- _Required work_:
Each line below should be repeated exactly as written, with no pictures carried over.

- _Raw data_:
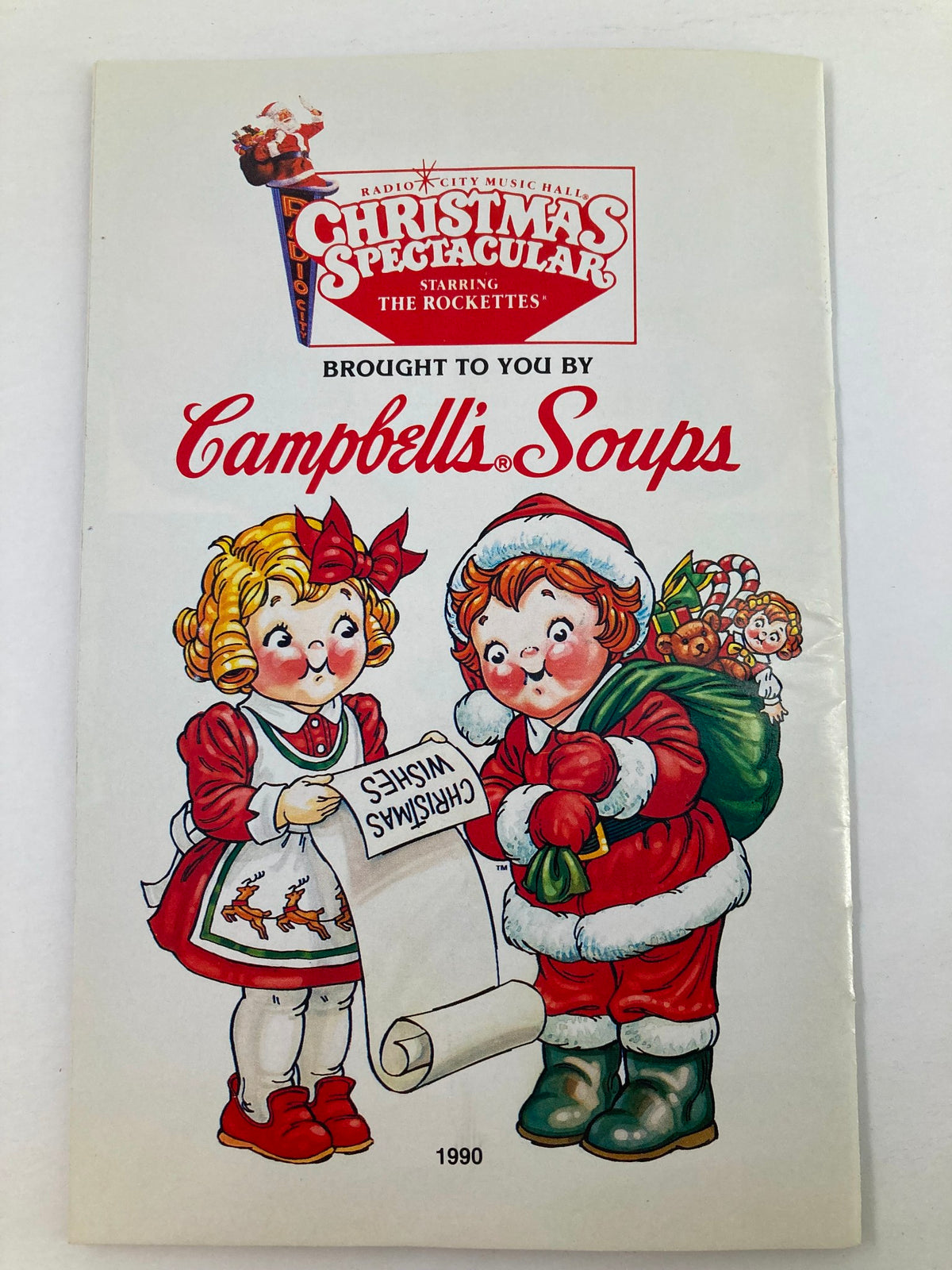 1990 Program Radio City Music Hall The Rockettes in Christmas Spectacular cover featuring festive illustrations of children with a Christmas wish list and a Santa bag, highlighting the joyful holiday spirit associated with the show.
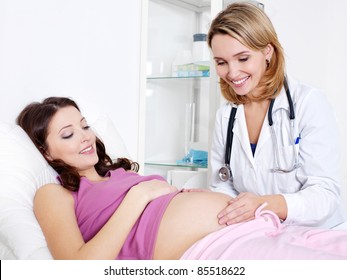 Doctor Care about young pregnant woman in hospital - indoors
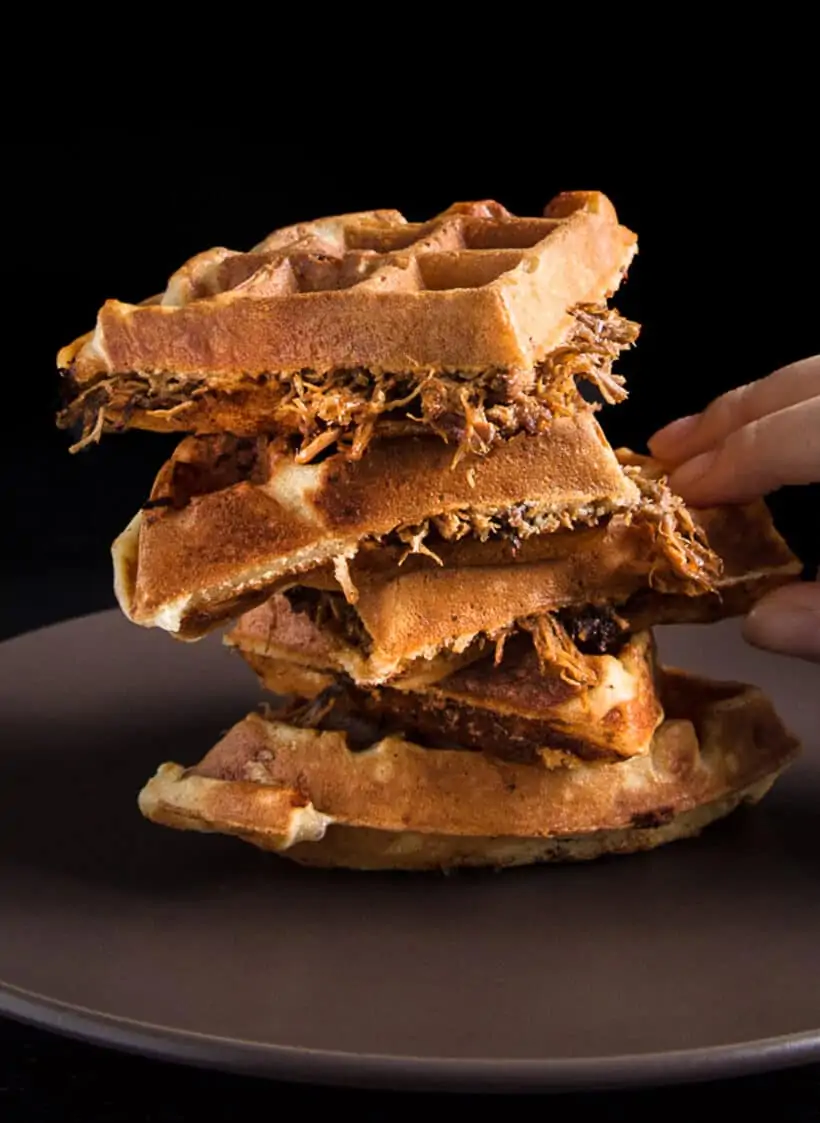 Stack of bbq pulled pork waffles.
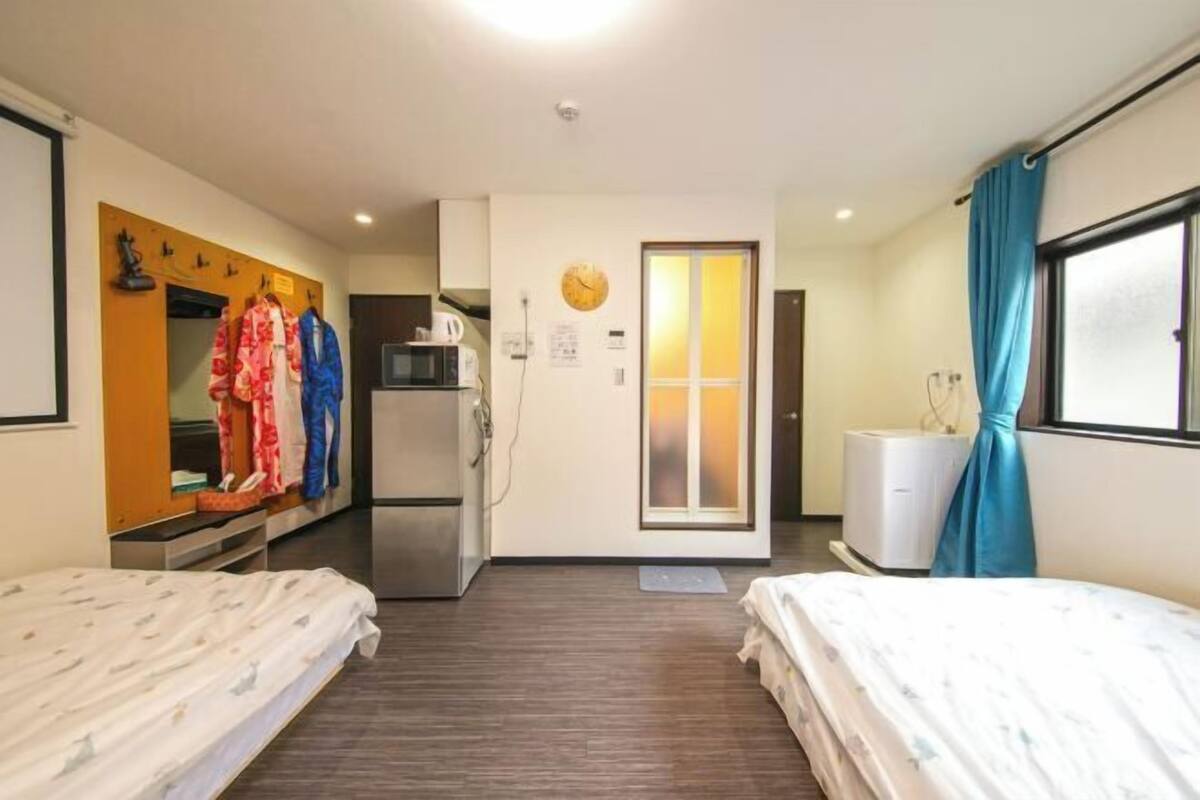 Une chambre d’hôtel avec deux lits, un coin cuisine, un miroir et une vue sur l’extérieur.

- _Exercise answer_:
 1990 Program Radio City Music Hall The Rockettes in Christmas Spectacular cover featuring festive illustrations of children with a Christmas wish list and a Santa bag, highlighting the joyful holiday spirit associated with the show.
 Doctor Care about young pregnant woman in hospital - indoors
 Stack of bbq pulled pork waffles.
 Une chambre d’hôtel avec deux lits, un coin cuisine, un miroir et une vue sur l’extérieur.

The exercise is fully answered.